Dinimizin diğer insanlar karşısındaki sorumluluklarımızı kesin alanlarla sınırlandırıyor oluşu ve bir insanın mahremiyet konusu uzun uzadıya anlatılışı da bu dikizlemek olayının yanlışlığını ortaya koymaktadır. Diyanet İşleri Başkanlığımız hemen her konuda farkındalık oluşturmak adına hutbelerde, vaazlarda yahut bildiriler aracılığıyla dertlerini anlatıyor. Ancak dijital dünyada insanlarımızın farkında olmaksızın içine gömüldükleri kültürel ve dinsel yozlaşma konularında herhangi bir uyarı metinleri yayınlamamakta.
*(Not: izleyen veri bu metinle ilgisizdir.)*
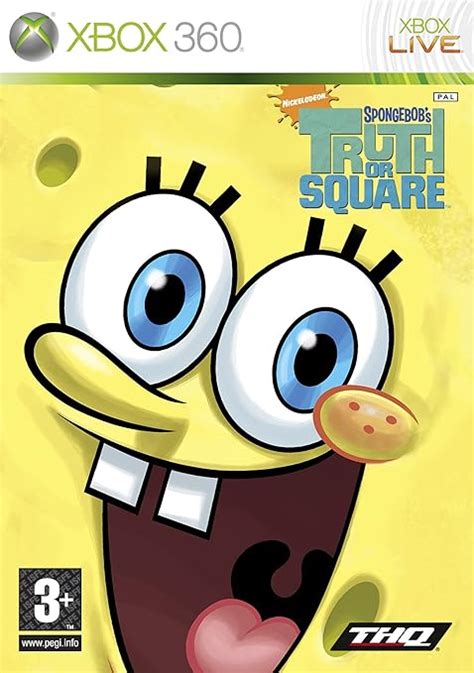 Amazon.co.uk: spongebob xbox games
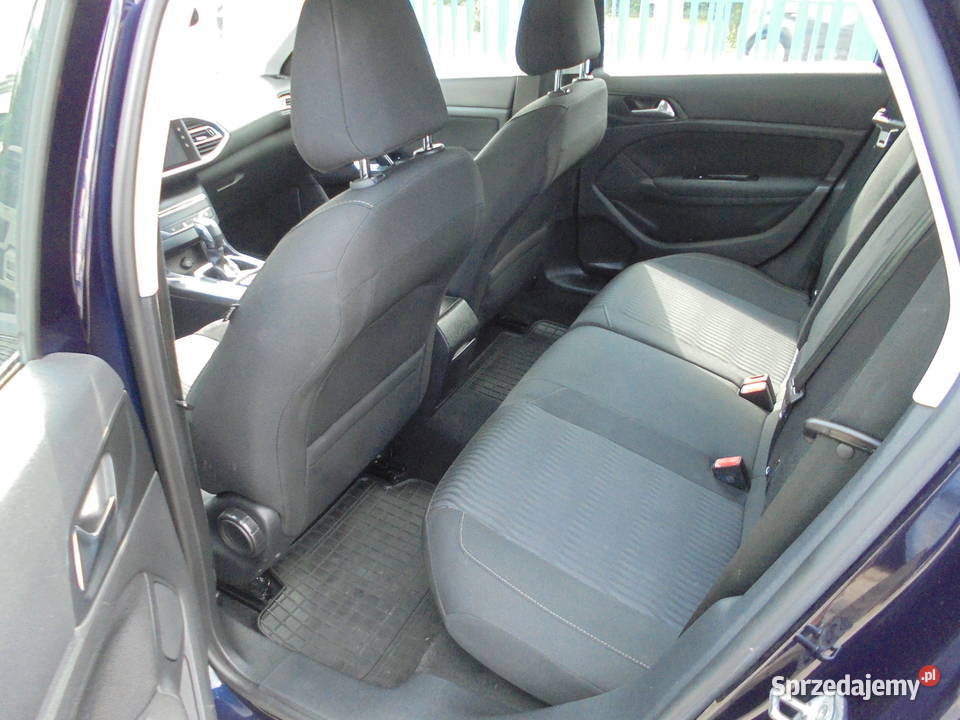 Peugeot 308 SW BlueHDi 150 Automatik Stop Start komputer pokładowy Bydgoszcz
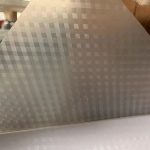 Пленка самоклеющаяся витражная 0,45*7м VITRAGE Diamond 005 (1/15)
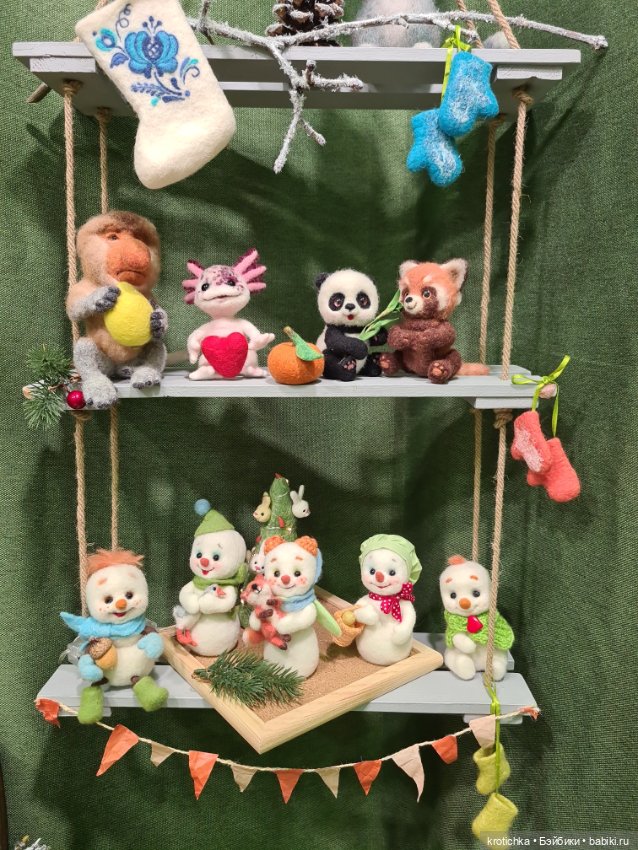 Выставка "Искусство куклы" в Экспоцентре - 2023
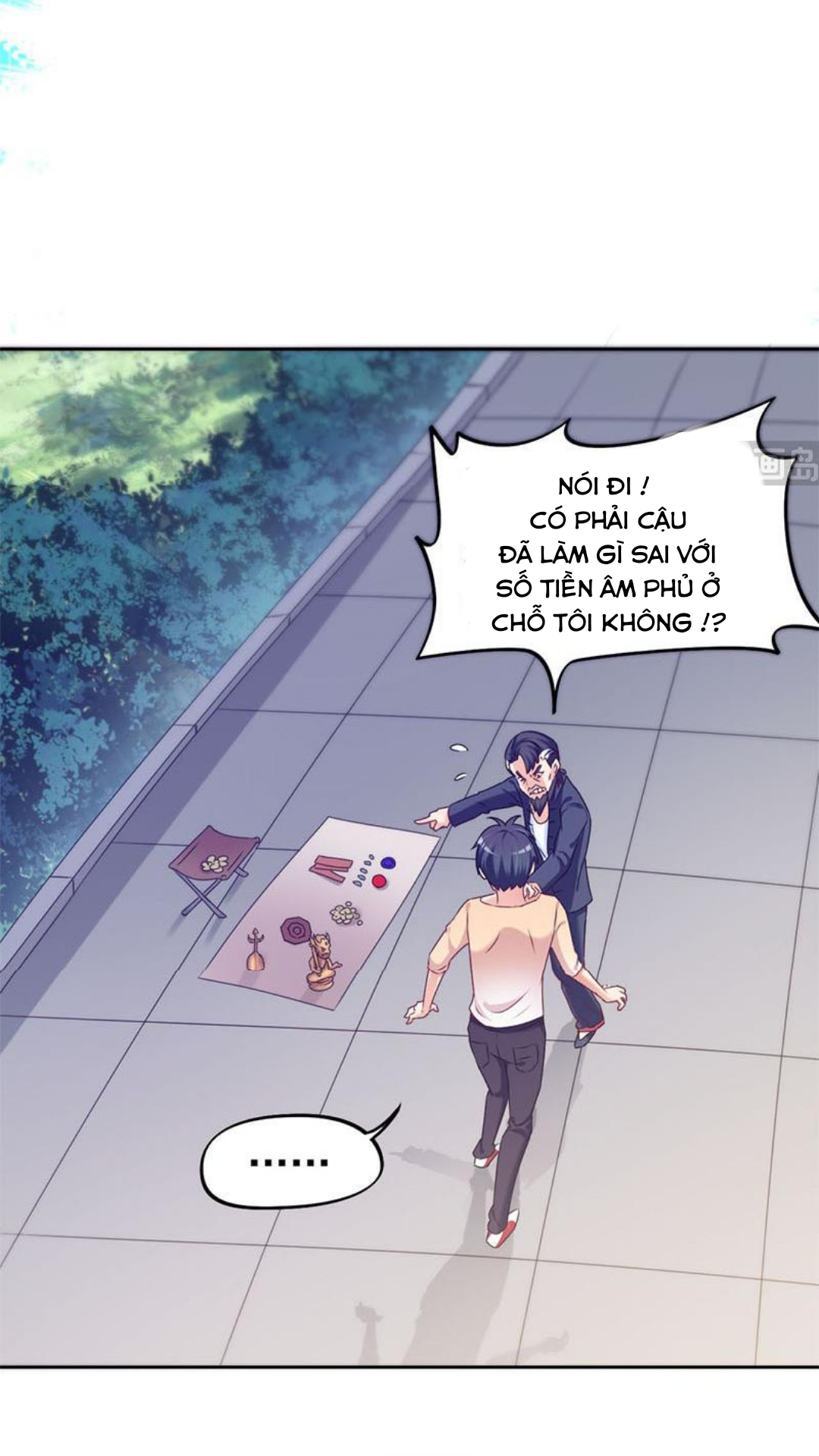 Tiêu Tiền Ở Thế Giới Khác Chapter 21 - Trang 20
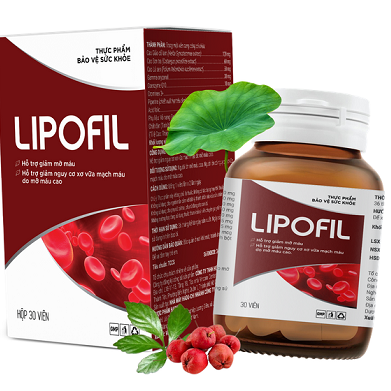 Lipofil Vietnam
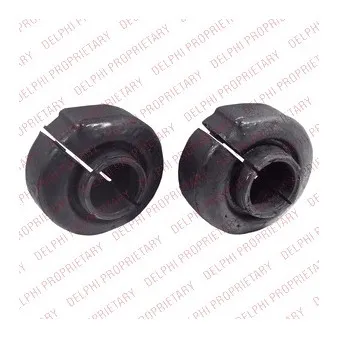 Kit de 2 suspensions, stabilisateur DELPHI TD821W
Stalk yapmak, dikizlemenin modernleştirilmiş ismidir. Unutulmamalıdır ki, sosyal hayatta nasılsak ve nelerden sorumluysak sosyal medyada da aynı doğrular geçerli. Bu iki dünya arasındaki tek fark ise, 'sosyal dünyanın kolluk kuvvetleri' müstehcen, hakaret ve dolandırıcılık konularında bizleri 'korumakta(!)'. Sosyal dünyayı kendi kurallarına göre şekillendiren 'düşünen birey'ler aracılığıyla bir farkındalık oluşacak ve sosyal hayatımızdaki yetkililer bu konularda bizlere önerilerde bulunacaklardır, dua edelim de çok geç olmasın..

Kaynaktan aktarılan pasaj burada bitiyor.